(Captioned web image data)
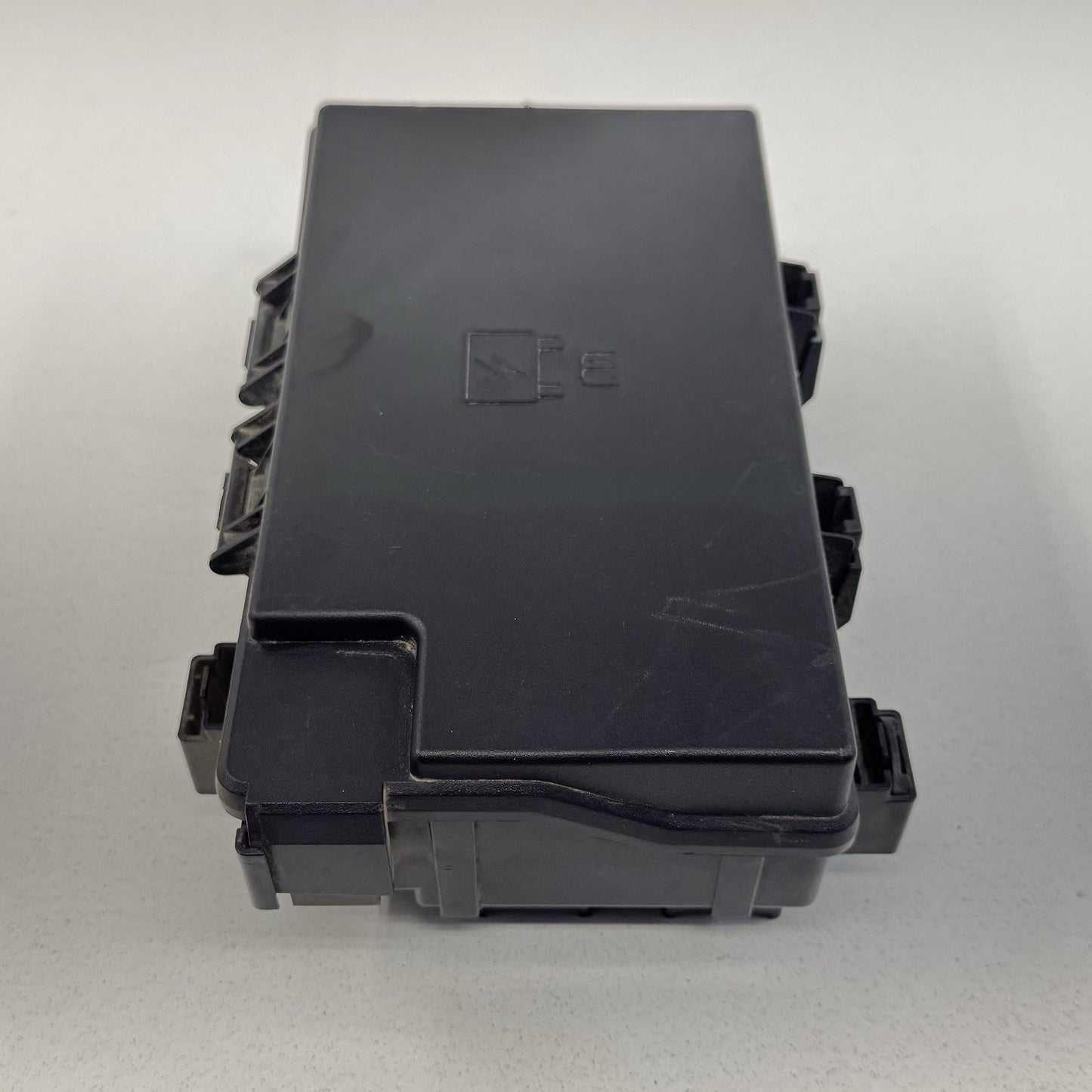 20-22 Ram 2500 3500 Intelligent Power Distribution Fuse Box 68437289AB OEM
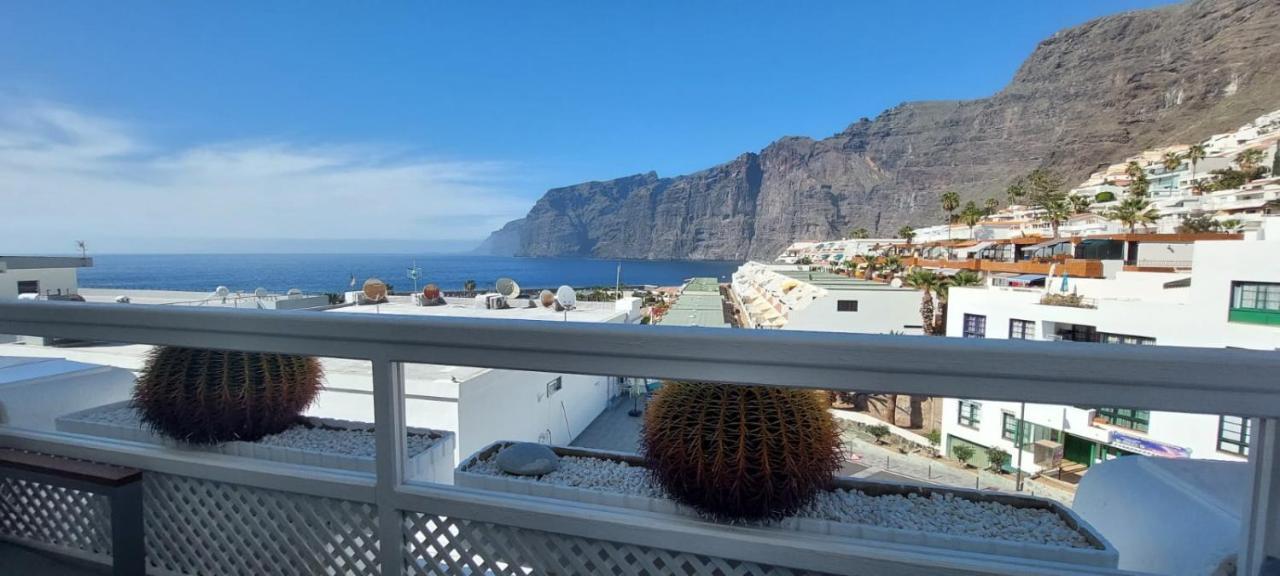 Vistas Sonadas Cerca Del Mar * Acantilado de los Gigantes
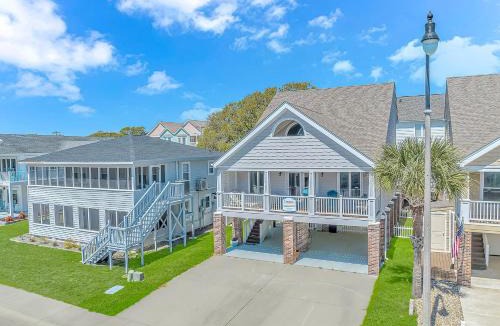 Windy Hill House | Stunning and Spacious 3 Bedroom House with Fireplace! Steps From the Ocean- Memory at the Sea!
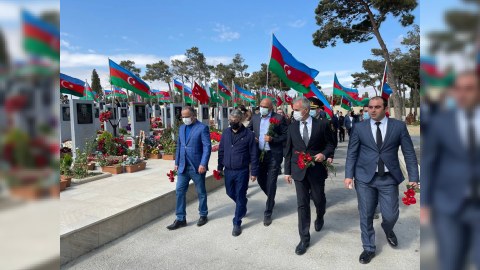 Binəqədi icra başçısı Anım Günü tədbirində - FOTOLAR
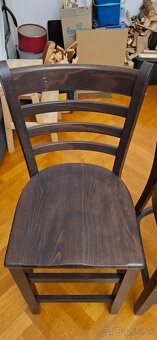 Dve barove stolicky z masivneho tmaveho dreva znacky TON - 3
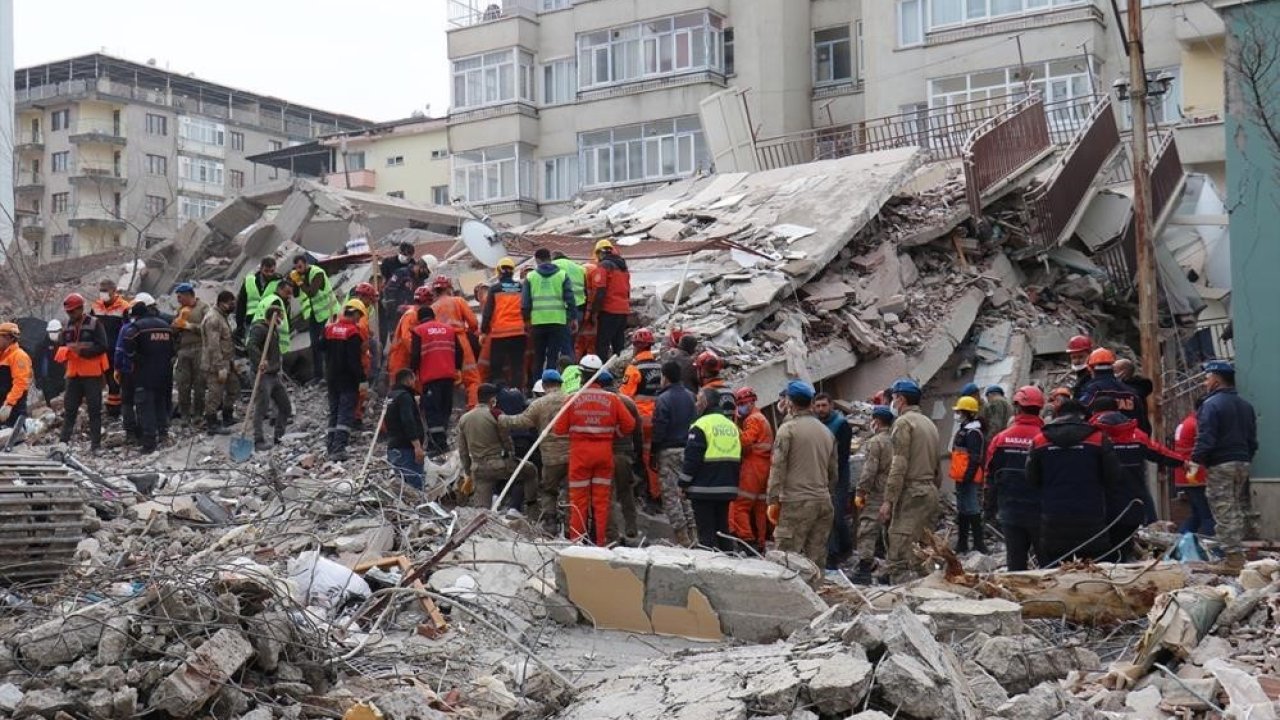 Malatya’da Ergün Apartmanı davasında karar: 7 sanığa hapis, 3’ü tutuklandı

* [WORK REQUEST] All records above must be output exactly as they stand, excluding pictures.

* [RESPONSE AREA]
 20-22 Ram 2500 3500 Intelligent Power Distribution Fuse Box 68437289AB OEM
 Vistas Sonadas Cerca Del Mar * Acantilado de los Gigantes
 Windy Hill House | Stunning and Spacious 3 Bedroom House with Fireplace! Steps From the Ocean- Memory at the Sea!
 Binəqədi icra başçısı Anım Günü tədbirində - FOTOLAR
 Dve barove stolicky z masivneho tmaveho dreva znacky TON - 3
 Malatya’da Ergün Apartmanı davasında karar: 7 sanığa hapis, 3’ü tutuklandı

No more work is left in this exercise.